Os Certificados de Potencial Construtivo (CEPACs) permitem que empresas ultrapassem os limites tradicionais de construção, mediante a compra desses títulos. A Comissão de Valores Mobiliários (CVM) já aprovou o certame, que tem valor mínimo individual de R$ 17 mil. A Prefeitura decidiu vender todo o estoque disponível, em vez de fracionar a oferta, o que deve intensificar a competição entre os investidores.
A arrecadação será direcionada para investimentos em habitação popular, infraestrutura e equipamentos públicos nas áreas de Paraisópolis, Jardim Colombo e Porto Seguro. Desde 1994, a venda de CEPACs já havia gerado R$ 3,1 bilhões, e o último leilão, realizado em 2021, arrecadou apenas R$ 180 milhões devido ao impacto da pandemia.

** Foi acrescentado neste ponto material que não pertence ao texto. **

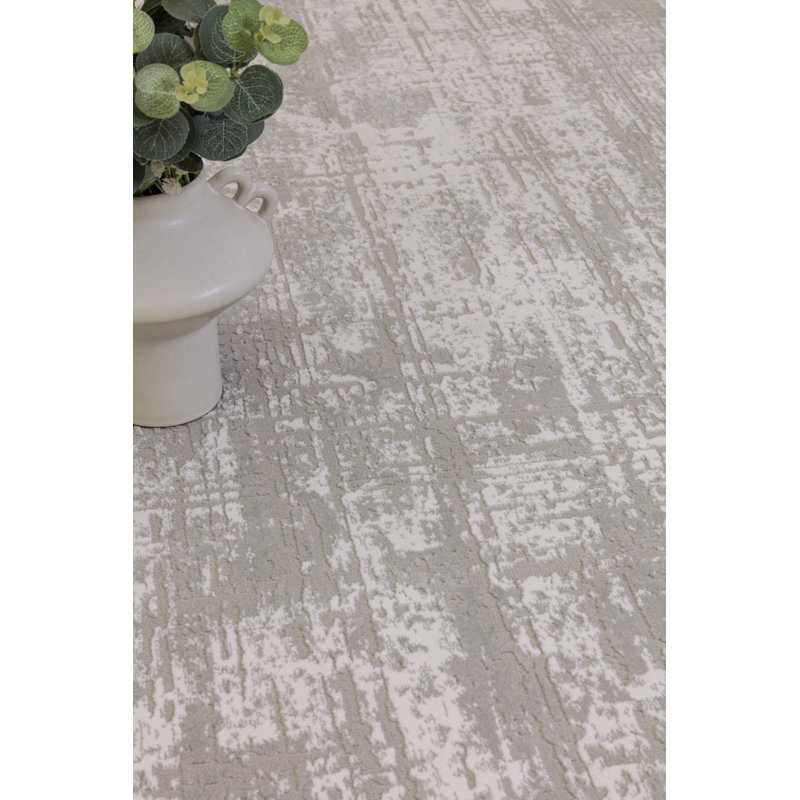 Abrienne Soft Shiny Modern Grey/White Rug, Rectangle 160 x 230cm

Expansão da Operação Urbana
A Operação Urbana Faria Lima, que inclui importantes avenidas da cidade, foi ampliada em julho de 2024, permitindo um aumento de 250 mil metros quadrados em área de construção adicional. Essa expansão possibilitou a nova emissão de CEPACs, já que o estoque anterior estava esgotado após a venda de mais de 2,2 milhões de metros quadrados.
Além disso, a Prefeitura regulamentou a nova legislação em março de 2025, detalhando os procedimentos para investidores e incorporadores. Os recursos obtidos com a venda dos CEPACs são destinados exclusivamente a obras de infraestrutura na região, como melhorias em mobilidade e saneamento, além de áreas verdes.
As obras já realizadas com esses recursos incluem o Conjunto Habitacional Real Parque, a revitalização do Largo da Batata e a construção de ciclovias na Faria Lima. O leilão atual é visto como uma oportunidade crucial para o desenvolvimento urbano na região, que continua a ser um dos principais polos econômicos da cidade.